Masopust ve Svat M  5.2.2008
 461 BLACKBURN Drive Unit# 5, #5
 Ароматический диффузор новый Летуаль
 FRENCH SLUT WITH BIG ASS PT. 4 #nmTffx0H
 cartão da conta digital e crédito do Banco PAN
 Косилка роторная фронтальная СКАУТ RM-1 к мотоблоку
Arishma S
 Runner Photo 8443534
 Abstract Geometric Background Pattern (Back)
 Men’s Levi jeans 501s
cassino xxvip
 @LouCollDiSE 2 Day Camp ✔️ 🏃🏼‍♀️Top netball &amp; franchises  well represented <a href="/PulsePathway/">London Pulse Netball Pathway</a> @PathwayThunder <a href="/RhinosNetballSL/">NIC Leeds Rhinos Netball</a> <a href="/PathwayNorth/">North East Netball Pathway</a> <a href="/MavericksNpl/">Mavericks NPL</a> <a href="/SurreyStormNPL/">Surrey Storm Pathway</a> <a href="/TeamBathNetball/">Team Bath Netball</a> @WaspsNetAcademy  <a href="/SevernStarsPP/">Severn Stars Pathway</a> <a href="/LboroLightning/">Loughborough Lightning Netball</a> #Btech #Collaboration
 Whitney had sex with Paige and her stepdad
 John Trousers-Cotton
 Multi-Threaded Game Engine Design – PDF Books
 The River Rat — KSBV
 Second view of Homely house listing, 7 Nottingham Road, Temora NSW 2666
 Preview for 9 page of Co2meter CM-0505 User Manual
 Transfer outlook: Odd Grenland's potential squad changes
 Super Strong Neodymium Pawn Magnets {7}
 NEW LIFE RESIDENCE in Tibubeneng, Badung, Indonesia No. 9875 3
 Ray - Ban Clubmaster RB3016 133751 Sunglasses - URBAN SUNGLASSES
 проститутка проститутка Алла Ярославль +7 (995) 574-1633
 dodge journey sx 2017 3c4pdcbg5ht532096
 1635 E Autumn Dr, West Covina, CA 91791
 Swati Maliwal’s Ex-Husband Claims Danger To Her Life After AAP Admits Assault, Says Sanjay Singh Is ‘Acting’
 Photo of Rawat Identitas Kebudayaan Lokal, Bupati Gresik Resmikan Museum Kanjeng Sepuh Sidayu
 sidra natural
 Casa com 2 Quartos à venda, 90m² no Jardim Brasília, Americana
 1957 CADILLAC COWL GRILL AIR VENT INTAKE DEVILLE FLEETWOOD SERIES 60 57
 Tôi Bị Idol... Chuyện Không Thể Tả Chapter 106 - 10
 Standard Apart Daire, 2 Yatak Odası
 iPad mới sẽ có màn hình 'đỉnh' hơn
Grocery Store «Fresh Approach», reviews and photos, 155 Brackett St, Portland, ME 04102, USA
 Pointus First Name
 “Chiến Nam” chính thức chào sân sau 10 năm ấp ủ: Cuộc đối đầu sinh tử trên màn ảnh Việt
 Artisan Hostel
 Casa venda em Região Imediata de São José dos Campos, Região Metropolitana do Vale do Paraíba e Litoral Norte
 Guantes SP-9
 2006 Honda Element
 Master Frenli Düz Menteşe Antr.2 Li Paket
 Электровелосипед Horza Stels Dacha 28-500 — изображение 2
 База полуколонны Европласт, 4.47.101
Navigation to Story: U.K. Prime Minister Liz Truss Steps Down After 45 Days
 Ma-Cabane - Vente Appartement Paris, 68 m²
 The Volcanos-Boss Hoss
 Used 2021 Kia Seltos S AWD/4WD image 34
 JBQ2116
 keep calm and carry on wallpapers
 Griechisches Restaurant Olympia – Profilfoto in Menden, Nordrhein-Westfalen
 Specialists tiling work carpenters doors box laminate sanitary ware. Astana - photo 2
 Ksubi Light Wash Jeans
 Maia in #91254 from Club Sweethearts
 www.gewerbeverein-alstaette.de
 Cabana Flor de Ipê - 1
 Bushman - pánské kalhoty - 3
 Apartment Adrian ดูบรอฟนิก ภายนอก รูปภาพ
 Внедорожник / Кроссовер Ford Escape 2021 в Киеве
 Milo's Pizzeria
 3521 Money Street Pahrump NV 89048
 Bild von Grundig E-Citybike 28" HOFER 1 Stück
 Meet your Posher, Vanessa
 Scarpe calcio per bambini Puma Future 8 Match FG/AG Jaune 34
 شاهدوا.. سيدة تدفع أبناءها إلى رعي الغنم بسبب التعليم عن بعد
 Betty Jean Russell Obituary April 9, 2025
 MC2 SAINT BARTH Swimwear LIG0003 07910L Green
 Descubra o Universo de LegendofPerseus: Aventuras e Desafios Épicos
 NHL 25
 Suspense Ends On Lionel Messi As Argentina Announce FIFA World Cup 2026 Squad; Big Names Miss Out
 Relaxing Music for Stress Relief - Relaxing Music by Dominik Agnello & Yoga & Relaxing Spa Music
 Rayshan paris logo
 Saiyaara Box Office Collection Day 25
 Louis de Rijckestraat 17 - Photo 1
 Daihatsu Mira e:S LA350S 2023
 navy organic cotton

■ ■ ■

• Task instructions:
Go through the entries and return each line where the word "venda" appears.

• Result:
 Casa com 2 Quartos à venda, 90m² no Jardim Brasília, Americana
 Casa venda em Região Imediata de São José dos Campos, Região Metropolitana do Vale do Paraíba e Litoral Norte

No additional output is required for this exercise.